- **Assigned task**: Further down are entries; set down exactly and only the lines from the one with "아디코 DIY 보석십자수" up to and including the one with "Facial Roller Qewro", dropping each picture.

- **Records provided**:
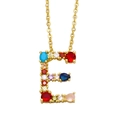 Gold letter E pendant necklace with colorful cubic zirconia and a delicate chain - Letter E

--

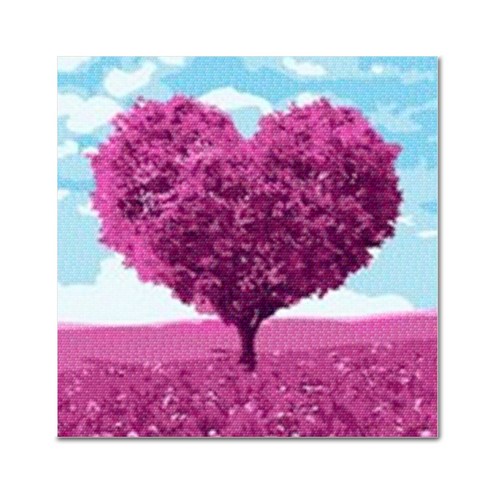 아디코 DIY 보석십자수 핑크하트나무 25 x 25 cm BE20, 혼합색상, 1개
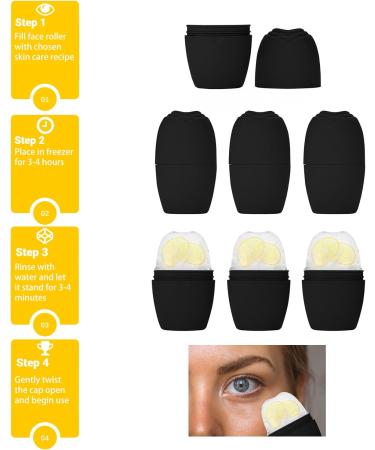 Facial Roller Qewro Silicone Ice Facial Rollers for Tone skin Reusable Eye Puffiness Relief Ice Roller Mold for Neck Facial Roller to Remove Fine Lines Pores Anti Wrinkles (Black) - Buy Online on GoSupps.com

- **Finished task**:
 아디코 DIY 보석십자수 핑크하트나무 25 x 25 cm BE20, 혼합색상, 1개
 Facial Roller Qewro Silicone Ice Facial Rollers for Tone skin Reusable Eye Puffiness Relief Ice Roller Mold for Neck Facial Roller to Remove Fine Lines Pores Anti Wrinkles (Black) - Buy Online on GoSupps.com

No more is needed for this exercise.